I'm studying the paper "Hopf Galois Theory: A survey" by Susan Montgomery, and there's something I'm trying to prove for what I may need some help.
More precisely, is this statement from Example 1.2:
"Dually, $A$ is a $K[G]$-comodule algebra if and only if $A$ is a $G$-graded algebra, that is, $A= \bigoplus_{g\in G} A_g$, where the $A_g$ are $K$-subspaces of $A$ and $A_gA_h\subseteq A_{gh}$, for all $g,h\in G$. To see this, note that the $K[G]$-comodule algebra structure is given by $$\rho: A\to A\otimes_K K[G] \qquad \text{via} \qquad a\mapsto a\otimes g,$$ for each homogeneus element $a\in A_g$. Moreover the subalgebra of coinvariants is $A^{\text{co}K[G]}= A_1$, the identity component."
I am trying to prove $A$ has $K[G]$-comodule algebra structure when $A=\bigoplus_{g\in G} A_g$. Given $H$ a Hopf algebra and $A$ an algebra with $1$ over the field $K$, the definition this paper gives for comodule algebra is the following:
$A$ is a right $H$-comodule algebra if $A$ is a counital right $H$-comodule, via $\delta_A(a)\mapsto \sum_aa_0\otimes a_1\in A\otimes_KH$, such that $\delta$ is an algebra map.

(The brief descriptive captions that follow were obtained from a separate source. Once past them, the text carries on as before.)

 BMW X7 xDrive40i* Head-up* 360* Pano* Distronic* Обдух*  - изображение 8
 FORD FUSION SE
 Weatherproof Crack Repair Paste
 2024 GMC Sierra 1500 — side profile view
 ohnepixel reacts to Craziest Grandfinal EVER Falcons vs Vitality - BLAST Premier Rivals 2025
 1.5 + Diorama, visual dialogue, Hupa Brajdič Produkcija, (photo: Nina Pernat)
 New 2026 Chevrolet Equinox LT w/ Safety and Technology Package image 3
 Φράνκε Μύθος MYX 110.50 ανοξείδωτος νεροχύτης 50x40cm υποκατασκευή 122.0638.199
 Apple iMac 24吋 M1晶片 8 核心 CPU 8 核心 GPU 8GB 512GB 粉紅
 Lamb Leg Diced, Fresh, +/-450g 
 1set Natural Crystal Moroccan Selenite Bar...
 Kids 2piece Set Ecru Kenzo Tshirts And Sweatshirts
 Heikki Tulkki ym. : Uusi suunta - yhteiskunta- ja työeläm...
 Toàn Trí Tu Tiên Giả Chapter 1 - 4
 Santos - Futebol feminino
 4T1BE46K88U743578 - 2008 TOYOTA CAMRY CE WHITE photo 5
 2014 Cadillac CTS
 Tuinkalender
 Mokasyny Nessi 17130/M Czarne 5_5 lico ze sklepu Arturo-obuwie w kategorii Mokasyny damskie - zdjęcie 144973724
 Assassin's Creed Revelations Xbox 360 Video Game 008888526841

My first problem is that I'm not sure if I get what this definition means. Does "algebra map" mean "algebra homomorphism"? What is exactly $\delta$? The structure map of the $H$-comodule structure? At first I thought it was, and I managed to prove $A$ is $K[G]$-comodule with the given $\rho$, doing the following:
$$(id\otimes \Delta)\circ \rho \left(\sum_{g\in G} a_g\right) = (id\otimes \Delta) \left(\sum_{g\in G} a_g\otimes g\right) = \sum_{g\in G} a_g\otimes g\otimes g$$ $$(\rho \otimes id)\circ \rho \left(\sum_{g\in G} a_g\right) = (\rho \otimes id)\left(\sum_{g\in G} a_g\otimes g \right) = \sum_{g\in G} a_g\otimes g\otimes g$$
$$(id\otimes \varepsilon)\circ \rho \left(\sum_{g\in G} a_g\right) = (id\otimes \varepsilon)\left(\sum_{g\in G} a_g\otimes g \right) = \sum_{g\in G} a_g\otimes 1 \cong \sum_{g\in G} a_g$$
And it's trivial (I think) that $\rho$ is $K$-linear, so then $A$ is $H$-comodule via that $\rho$. How can I end the proof? What do I have to check to prove it's $H$-comodule algebra? What is that $\delta$? Is it $\rho$? Any help or hint will be appreciated, thanks in advance.